Entre sueños
y pesadillas siento algo que me toca el brazo. Me despierto sobresaltado.
Escucho una voz familiar pero desconocida. "Me voy de casa". Abro los
ojos. Mi perro está sentado frente a mí. Tiene una pata apoyada sobre la cama y
me mira con esos ojos enormes y tristes. "Ya no aguanto más, me quiero
ir". Sorprendido y un poco asustado, me refriego los ojos. "¿Qué
clase de vida es esta? Me despierto cuando te despertás vos, duermo cuando vos
te quedás mucho tiempo en la misma habitación. Salgo cuando me dejás, como
cuando me decís, muevo la cola cuando me acariciás. Y no me gusta. Y tardé
demasiado en decirtelo, pero bueno, acá está. No se vos, pero yo no soy
feliz." Levanta la cabeza y no entiendo si me mira pidiendo misericordia o
satisfecho por su valentía. "¿Qué querés de mi?", le pregunto. Se
para, da una vuelta sobre sí mismo y se vuelve a sentar. Por más que hable
sigue siendo un perro, pienso. "La puerta está abierta, vos podés irte
cuando quieras", afirmo. Mira la puerta cerrada de mi pieza y llorisquea,
como suele hacer. "Simbólicamente, digo". Me levanto y la abro. Lo
sigo hasta la puerta de casa. "¿A dónde vas a ir?", le pregunto.

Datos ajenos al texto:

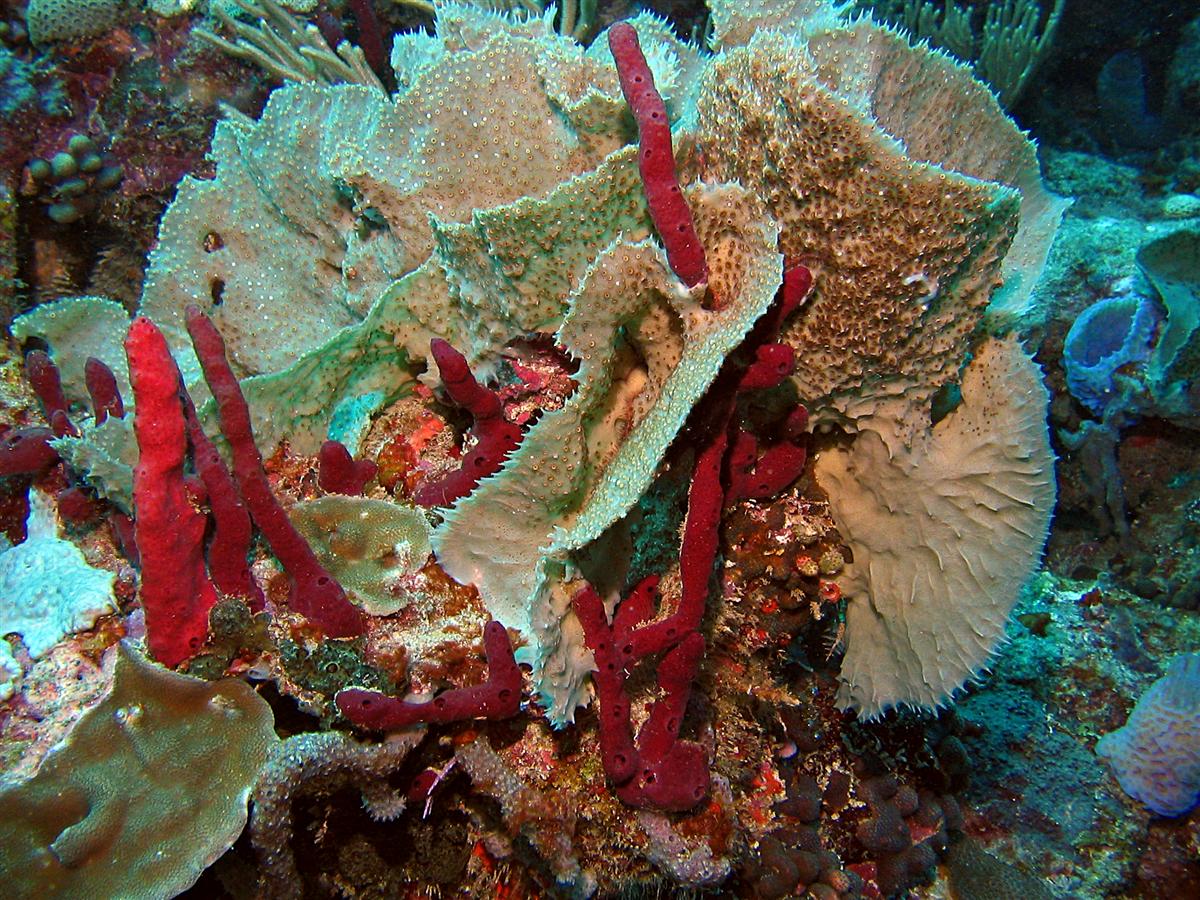 An encrusted Branching Vase sponge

"No sé, lejos de acá." Corro la cerradura y abro la puerta. Me mira,
mueve la cola y se va. Los primeros rayos del día iluminan su camino. Yo lo veo
irse, lentamente. De repente se frena y vuelve veloz hacia mí. Entra a la casa.

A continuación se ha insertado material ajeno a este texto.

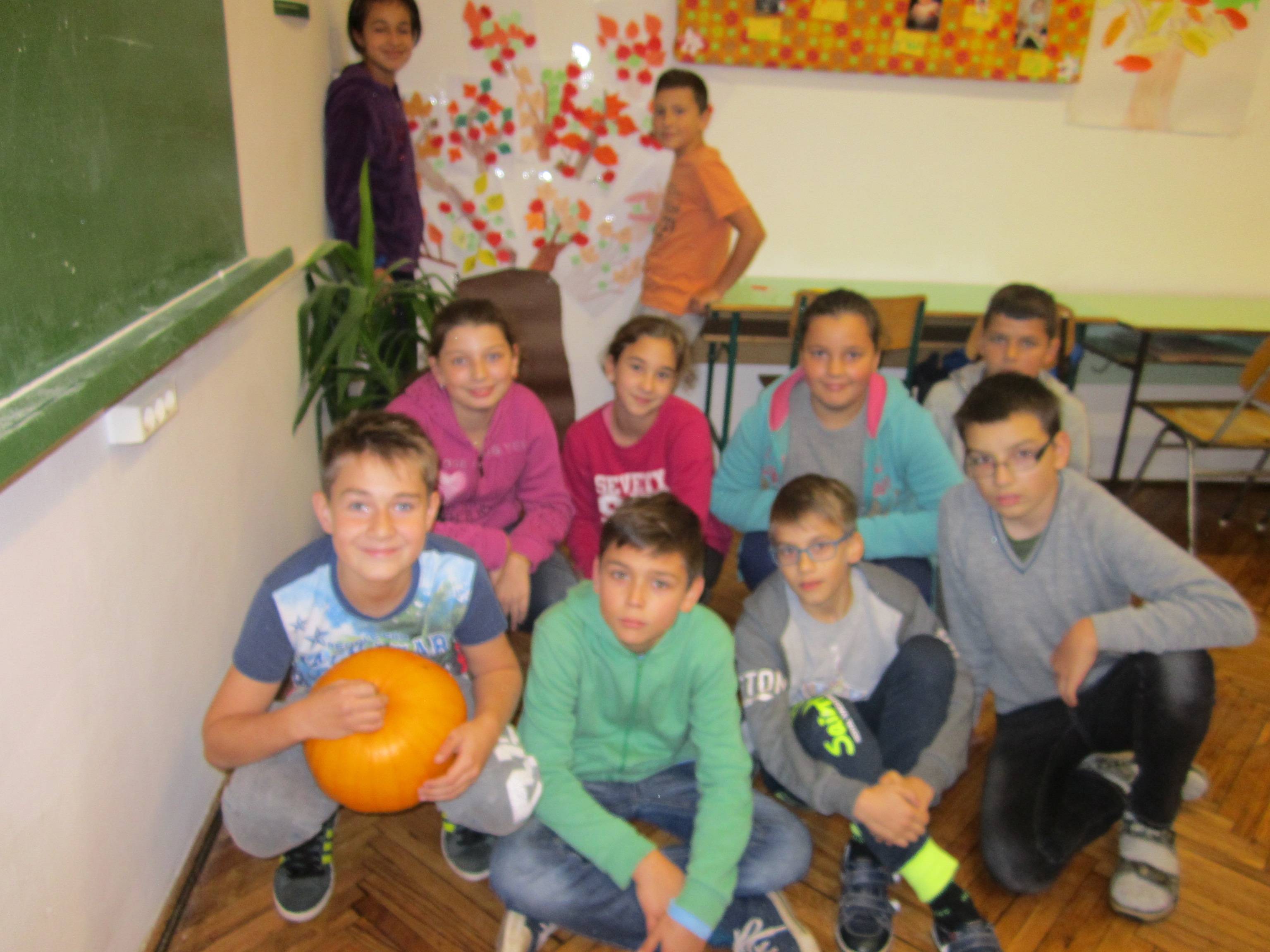IMG_3080.jpg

Escucho ruidos. Sale con un hueso en la boca. Lo apoya en el suelo y me lame la
mano. Me agacho para acariciarlo, pero vuelve a agarrar su hueso y se va. A su
paso, se oyen aullidos que salen de los edificios.
"Ojala le vaya bien", pienso.
"Ojala se aburra y vuelva", pienso después.